Bud finished unctuously, adjusting the tune to fit the words.
Johnny swore, flung open the low door of the bunk house, went in, and slammed it shut after him, and began to pack his personal belongings. Presently Tex came in, warbling like a lovesick crow:
"So will this la-and," Johnny said viciously and threw one of his new riding boots straight at the warbler. "For gosh sake, lay off that stuff!"
Tex caught the boot dexterously without interrupting his song, except that he forgot the words and sang ta-da-da-da to the end of the verse.
"Po'try was wrote to be read," he replied sententiously when he had finished. "And tunes was made to be sung. And yo' all oughta be proud to death at the way yo' all made a hit with yore po'try.

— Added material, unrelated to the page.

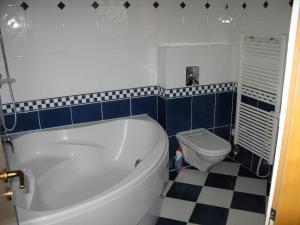a bathroom with a white tub and a toilet at Byt na půdě kousek od hradu in Prague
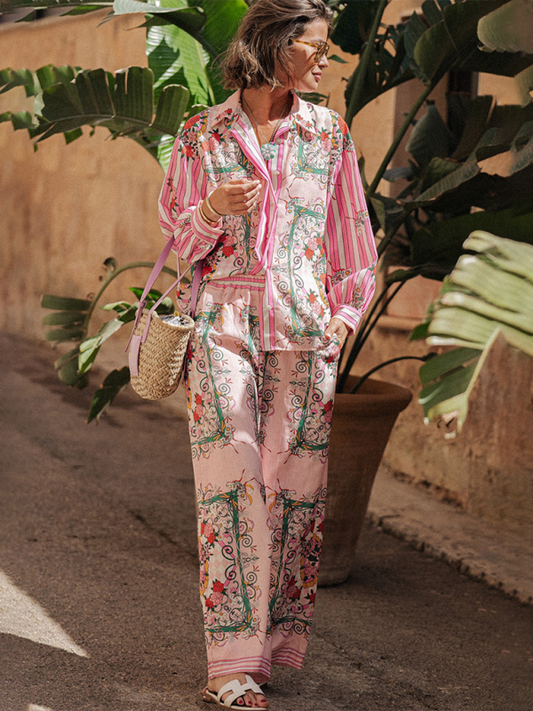 Vacation Outfits- Boho Floral Two-Piece Outfit - Long Sleeve Shirt & Pants- Pink- Chuzko Women Clothing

It beats what Mary V wrote, Skyrider. If yo' all want to know my honest opinion, Mary V's plumb sore because yo' all made up po'try about Venus instid of about her." He sat down on a corner of the littered table and began to roll a cigarette, jerking his head towards the bungalow and lowering one eyelid slowly. "Girls, I'm plumb next to 'em, Skyrider. I growed up with four of 'em. Mary V loves that there Venus stuff, and kissin' her snow-white hand, same as a cat loves snow. Jealous—that's what's bitin' Mary V."
Johnny was sorting letters, mostly circulars and "follow up" letters from various aviation schools. He looked up suspiciously at Tex, but Tex manifested none of the symptoms of sly "kidding." Tex was smoking meditatively and gazing absently at Johnny's suitcase.
"Yo' all ain't quittin'?" Tex roused himself to ask. "Not over a little josh? Say, you're layin' yoreself wide open to more of the same. Yo' all wants to take it the way it's meant, Skyrider. Listen here, boy, if yo' all wants to git away from the ranch right now, why don't yo' all speak for to stay at Sinkhole camp? Yo' all could have mo' time to write po'try an' study up on flyin' machines, down there. And Pete, he's aimin' to quit the first. He don't like it down there."
Johnny dropped the letters back into his suitcase and sat down on the side of his bed to smoke. His was not the nature to hold a grudge, and Tex seemed to be friendly. Still, his youthful dignity had been very much hurt, and by Tex as much as the other boys. He gave him a supercilious glance.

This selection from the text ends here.